We weren’t totally nuts. Some years back we’d spent time in Antarctica, both its surrounding islands and the mighty mainland itself, and now we thought we’d see what the other end was like. In Antarctica we’d had a great time, hobnobbing with penguins and seals of all species, ducking giant petrels and albatrosses, chasing whales in a storm and finding everything from cathedral-sized icebergs to a miniature Russian Orthodox church, onion domes and all, in the midst of emptiness. And around Cape Horn we’d even discovered our own authentic ghost ship, headed determinedly across our bows with no sails set but rigging intact, flying the Swedish flag — and nobody on board.
 

 
Spitzbergen, for me, was decidedly different. We’d spent spring stewing alive in Savannah, Ga., eyeballing gators (literally –when you realise that all the swamp debris, from the six-inch twig to the twelve-foot trunk, is eyeballing you right back…) so we were quite ready for something fresh and polar. But crisp this wasn’t, and it was ten times as damp. Technically the place is a desert, with almost no fertile soil and minute rainfall, but that doesn’t stop mist hanging in sullen clouds around brown snow-striped hills, glacier-ground into uniform curves. There are a few decent mountains with gleaming snowcaps, but nothing to match the terrifying grandeur of Antarctic’s Lemaire Passage, with its mountain-faces like glistening flints.

In Spitzbergen’s south, in high summer, the hillsides often have a slender coating of moss, sustained by bird and dwarf reindeer output, but it’s like a thin fleece blanket over a bare skeleton; you still stumble over bare boulders beneath. Lower down the bones and shells of ancient life lie exposed, from the Devonian to the Mesozoic, including a vast pliosaur-like monster tentatively named Predator X (recently featured in Primeval). There are plenty of noisy small birds, little auks, guillemots and gulls, but nothing as entertaining as penguins; there are whales – once we saw two kinds at once ahead of our ship, a fin whale and two humpbacks lazily feeding. There are fewer seals than in Antarctica; and there are polar bears, which is why they’re fewer. The bears are not at all scarce, which also meant we couldn’t go anywhere without guide and heavy rifle, another reason I found Spitzbergen constraining. In the far north of the islands, the last solid land, the rocks are stark barren brown, there’s nothing alive out of the water except a few lonely birds, and it’s almost a relief to step out of your zodiac inflatable onto the clean shining icefloes that begin the road to the Pole.

 

 
But in between the islands are seamed with glaciers, tall streams of ice flowing straight down between almost every mountain arm into the margins of the sea, filling the bays with tall cliffs, and they often seem the most living objects in the landscape.

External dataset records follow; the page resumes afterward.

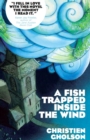A Fish Trapped Inside the Wind - eBook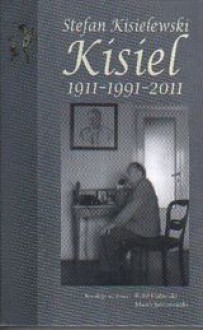 Stefan Kisielewski: Kisiel 1911-1991-2011 - Rafał Habielski, Marek Jabłonowski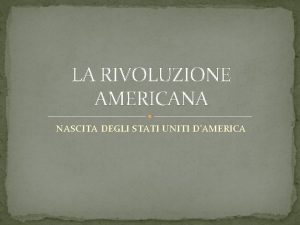 LA RIVOLUZIONE AMERICANA NASCITA DEGLI STATI UNITI DAMERICA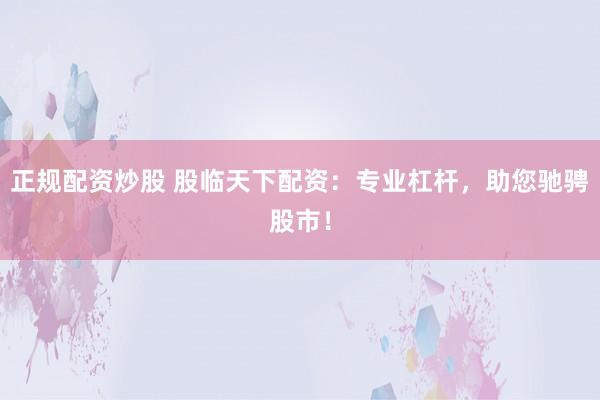正规配资炒股 股临天下配资：专业杠杆，助您驰骋股市！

They have colours, for one thing, which not much else does – an amazing variety, from basic white to light blue, but often shot with veins of green, brown or even grey-black, with sudden small hollows glowing an impossibly vivid dark green or electric blue. In places rivers pour down them, even out of them, spilling down huge waterfalls into the sea at their feet; and there the water often turns a pure turquoise with the minerals they shed – the same colour I’ve seen in lakelets at the foot of melting Alpine glaciers. In your little zodiac inflatable dinghy there are no seats or even gunwales as such; you’re perched awkwardly on the round rubber side, with your protruding backside literally lapped at by that chill water. You soon find out it’s so thick with ice particles of all sizes that near the glacier foot it’s like sailing through a slushy.
 

 
And there are sounds, underlying the constant rush of the wind and the thin seabird cries – like thunder, but there’s no storm. That also we remembered from Antarctica; but it was further away then. Mostly it’s quite distant, hard to place, rumbling and crackling around the still bay, glancing off the glittering walls; but every so often it sounds nearer, and you glance around a little nervously, to find everyone else in the boat doing the same. But after a while they don’t seem so important; the lone Bearded Seal balanced on a small ice floe, looking very much like a glossy Crombie’s Best sausage some ten feet long, is much more interesting. He blinks liquidly at us, innocent and unconcerned, and we drift idly along the current, while our helmsman yarns about how when he was young he took his boat a bit too close to a glacier cliff, and –

The thunder is suddenly shattering the air overhead, like a glacier’s shout of rage; and with godlike force, very fast yet somehow unhurried, the expanse of ice-face no more than twenty feet beyond our bows detaches itself and falls. Not forward, or I wouldn’t be writing this; instead some eighty feet of ice slides down vertically into the mirror face of the bay. You’d expect a crashing tidal wave, a foaming wall of water. Nothing of the sort; even that vast mass of ice is too little to disturb the ice-thickened water. Instead the mirror heaves up, vastly, into a slow-motion ripple, nearly ten feet high, spreading outwards with unstoppable slowness, still reflecting perfectly, followed by more glutinous ripples — like a pebble in a pool, in slow motion.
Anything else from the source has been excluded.